Num país fortemente polarizado pelo Porto e por Lisboa, a região Centro parecia estar condenada a um papel secundário no mapa dos recursos com que Portugal enfrenta a globalização. O terceiro estudo da Iniciativa Cidades, promovido pela Fundação Gulbenkian e que hoje será apresentado na Universidade de Coimbra, reconhece os dilemas de uma região entalada entre os dois principais pólos do país, mas atribui-lhe o destino de desempenhar “uma função crucial na geoeconomia do país”, na leitura de Artur Santos Silva, presidente da Gulbenkian: “completar a fachada atlântica do País mais exposta à globalização”, e projectá-la em direcção à fronteira, com Viseu a desempenhar o papel de “intermediação entre o litoral e o interior”.

No desenho do país “funcional” analisado pela equipa liderada pelo economista José Félix Ribeiro e pela geógrafa Teresa Sá Marques, as fronteiras das regiões não obedecem aos limites da administração pública nem às unidades estatísticas que dividem Portugal em NUT II e NUT III (Nomenclatura das Unidades Territoriais para Fins Estatísticos). O que conta são as trocas económicas, as redes de ciência e conhecimento, os destinos das chamadas telefónicas ou as deslocações quotidianas. Nesse padrão, a equipa da Gulbenkian tinha já identificado duas “regiões funcionais”: o Noroeste, que se estende desde a Viana do Castelo a Aveiro e do Porto a Vila Real, e o Arco Metropolitano de Lisboa, que amarra ao poder da capital uma vasta região que passa por Leiria, Santarém, Évora e Sines.

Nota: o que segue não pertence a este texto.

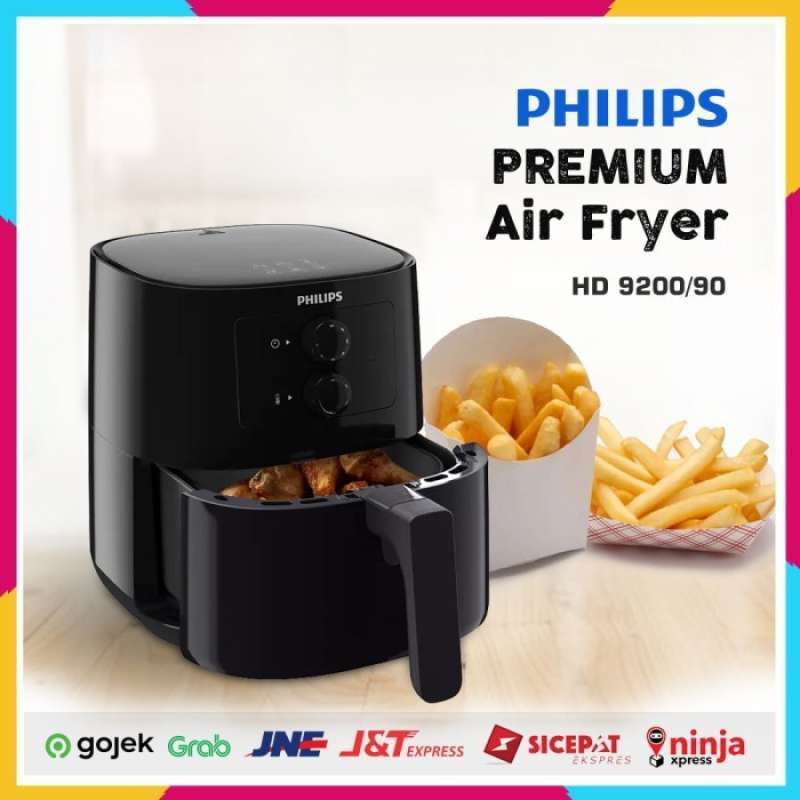 Promo Philips Premium Airfryer HD9200/90 Air Fryer 4L HD 9200/90 1400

No trabalho que deu lugar ao estudo “Portugal no Centro”, comprovou-se que a região industrializada de Aveiro se ancorava ao grande pólo do Noroeste e que Leiria gravitava em torno de Lisboa. Mas, apesar de espartilhada pelas metrópoles, o Centro, “trava a bipolarização e torna o país mais articulado e sustentado”, diz Teresa Sá Marques. Coimbra tem aqui um papel de pivot, até pelo poder da sua universidade. Mesmo não sendo economicamente tão pujante como Leiria ou Aveiro, Coimbra garante a unidade de toda a fachada Atlântica onde está o Portugal mais rico e competitivo.

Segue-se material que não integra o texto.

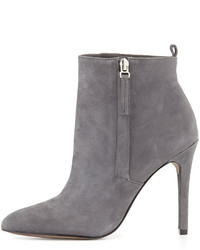 gray ankle boots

Contrariando o padrão do desequilíbrio regional do país, “Viseu sustenta-se numa dinâmica industrial que deu resultados”, diz a geógrafa. “A cidade emerge como um ponto de transição entre o triângulo Aveiro-Coimbra-Leiria e o resto da região”, sublinha Almeida Henriques, presidente da Câmara de Viseu, fazendo a conexão entre a fachada Atlântica e o interior.  

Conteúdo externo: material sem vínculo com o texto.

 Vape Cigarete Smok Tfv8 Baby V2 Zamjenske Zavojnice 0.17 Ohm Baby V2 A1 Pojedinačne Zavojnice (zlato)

O Centro estudado é mais pobre que a média nacional (13 mil euros de rendimento per capita contra 16.300 no Continente) e as suas exportações não valem mais do que 16% do total. Mas a sua actividade económica está ancorada em recursos naturais. Casos dos lanifícios, nos quais o Grupo Paulo Oliveira, da Covilhã é o maior produtor ibérico, com um volume de negócios de 70 milhões de euros em 2015, da indústria florestal, com unidades da Altri ou da Navigator, com o cluster da indústria cerâmica ou com a produção de energias renováveis. No Centro, está ainda instalada a indústria de moldes ou algumas das mais importantes unidades da indústria automóvel, casos da Renault em Cacia (Aveiro) ou da Peugeot/Citroen, em Mangualde. E no que diz respeito às indústrias de futuro, o Instituto Pedro Nunes, de Coimbra, é um viveiro de onde saíram, entre outras, startups como a Critical Software, a Feedzai ou a Wisdee.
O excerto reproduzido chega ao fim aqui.